#### TASK DIRECTIONS
Without any pictures, print the lines below from the one that has "Bắt đối tượng" through the one that has "ALAMEDA, CA - MAY", exactly and nothing else.
===== MATERIAL PROVIDED =====
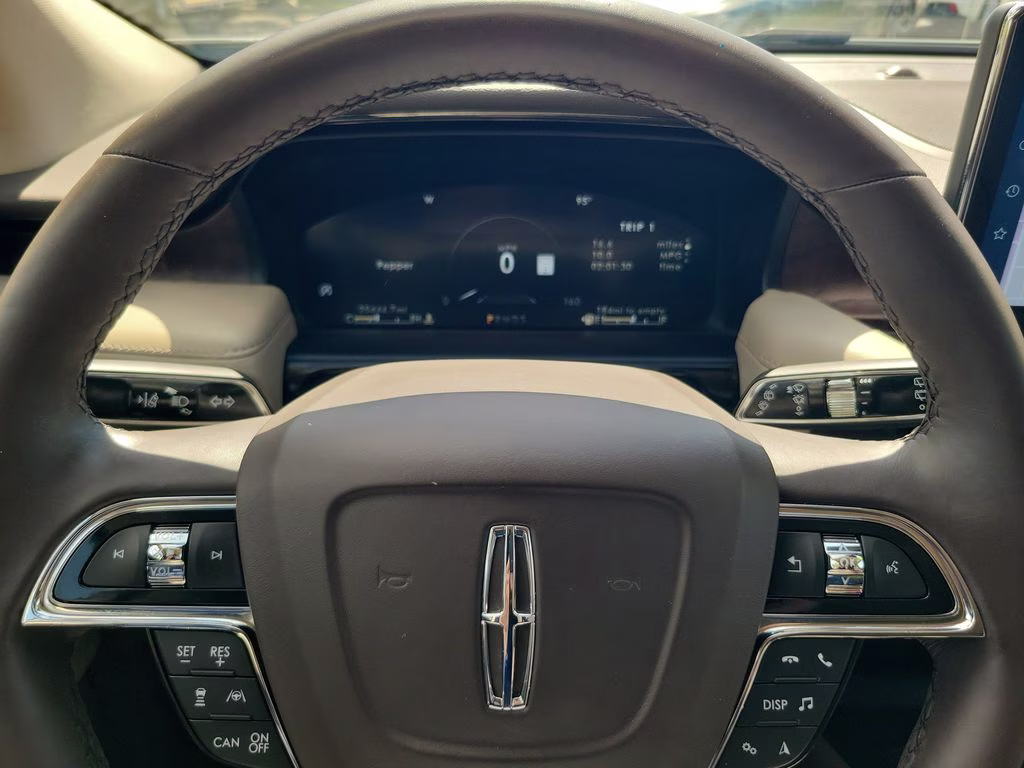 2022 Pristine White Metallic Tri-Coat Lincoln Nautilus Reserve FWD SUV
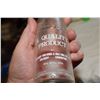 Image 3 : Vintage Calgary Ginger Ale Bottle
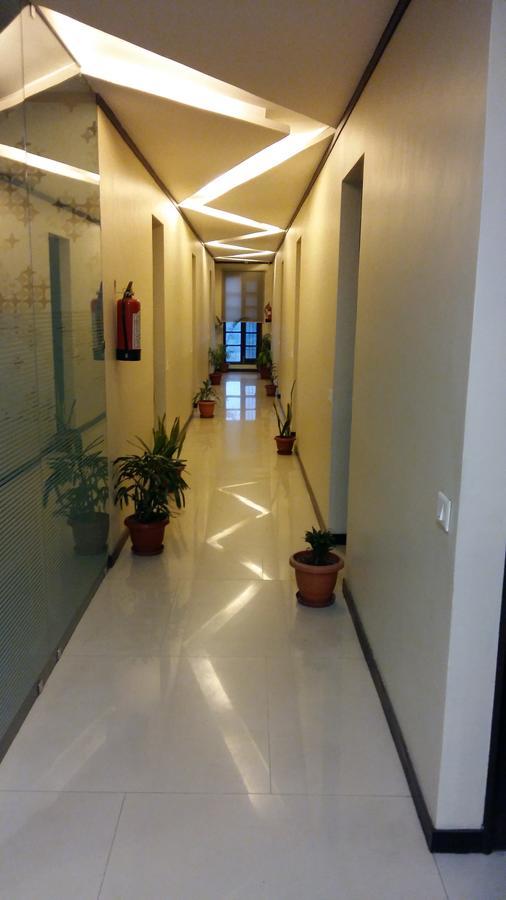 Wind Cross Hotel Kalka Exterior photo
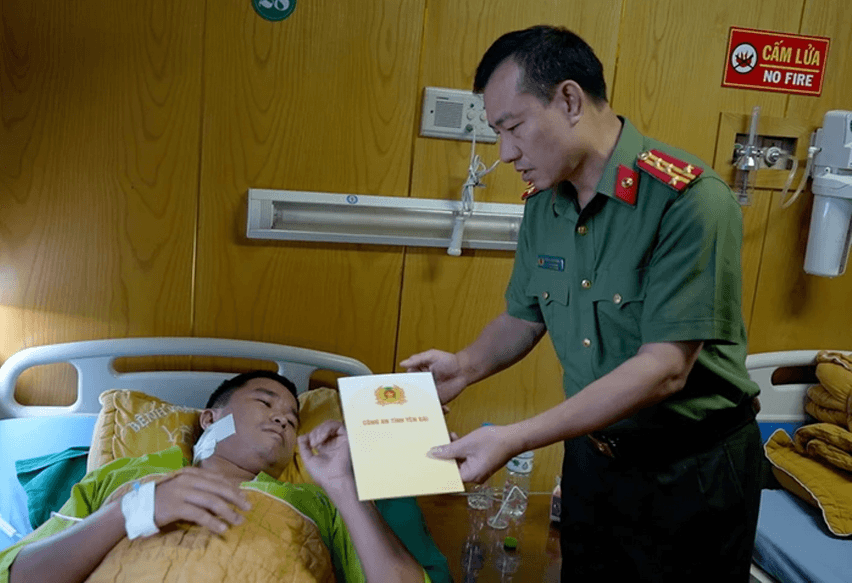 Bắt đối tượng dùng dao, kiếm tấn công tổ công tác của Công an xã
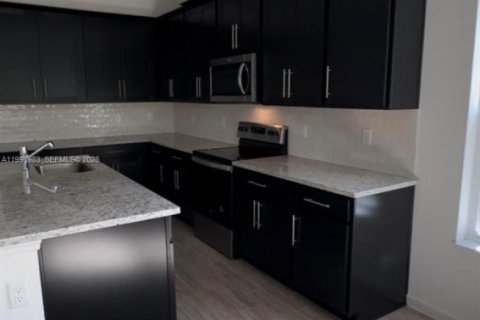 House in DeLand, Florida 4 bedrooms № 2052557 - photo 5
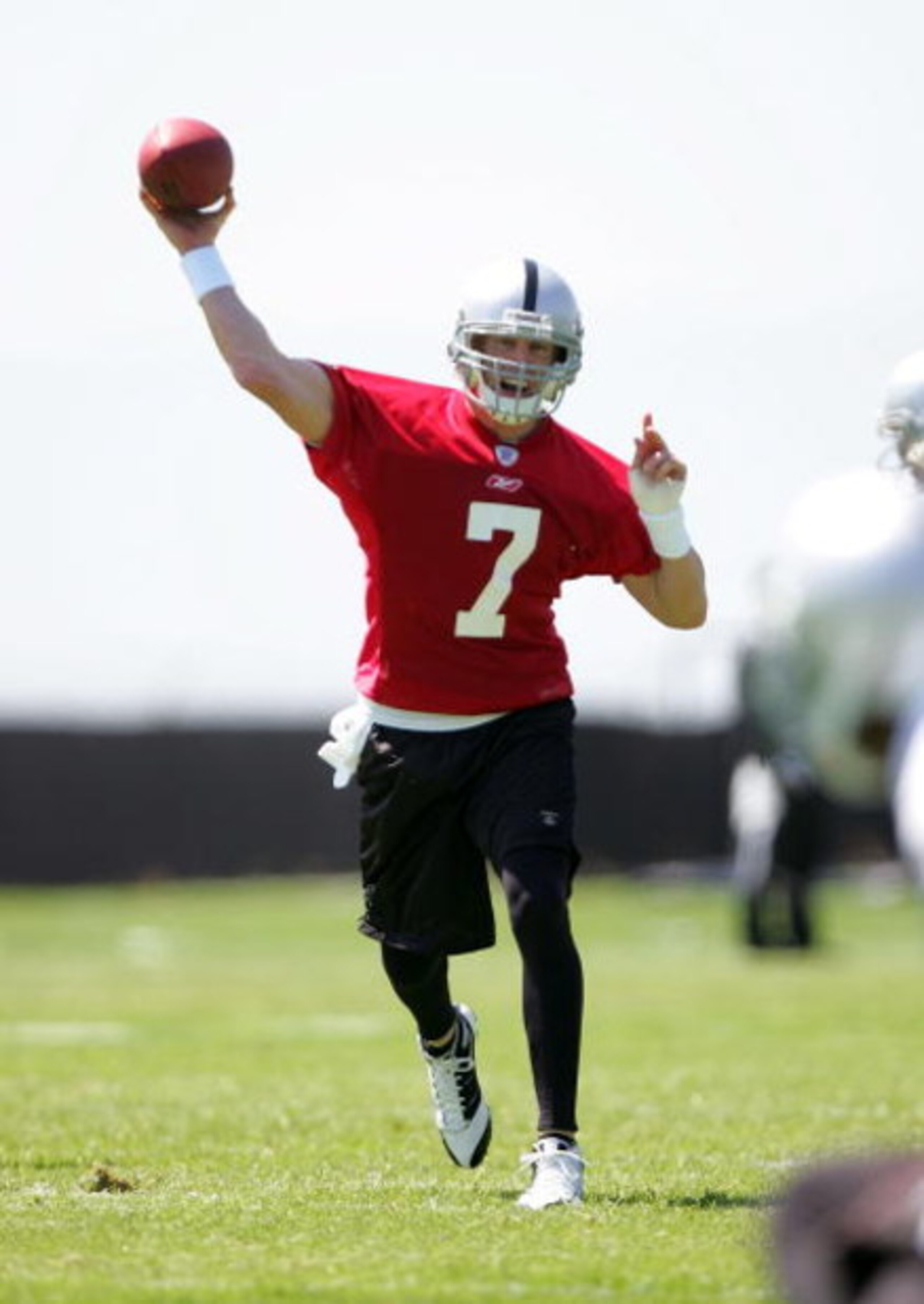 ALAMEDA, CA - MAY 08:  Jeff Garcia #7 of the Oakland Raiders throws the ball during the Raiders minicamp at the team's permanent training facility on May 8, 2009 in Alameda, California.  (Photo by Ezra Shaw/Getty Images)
=====
===== MATERIAL PROVIDED =====
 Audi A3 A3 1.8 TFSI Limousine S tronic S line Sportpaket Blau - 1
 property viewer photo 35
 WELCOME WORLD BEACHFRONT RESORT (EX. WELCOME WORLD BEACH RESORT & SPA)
=====
#### RESPONSE
 Bắt đối tượng dùng dao, kiếm tấn công tổ công tác của Công an xã
 House in DeLand, Florida 4 bedrooms № 2052557 - photo 5
 ALAMEDA, CA - MAY 08:  Jeff Garcia #7 of the Oakland Raiders throws the ball during the Raiders minicamp at the team's permanent training facility on May 8, 2009 in Alameda, California.  (Photo by Ezra Shaw/Getty Images)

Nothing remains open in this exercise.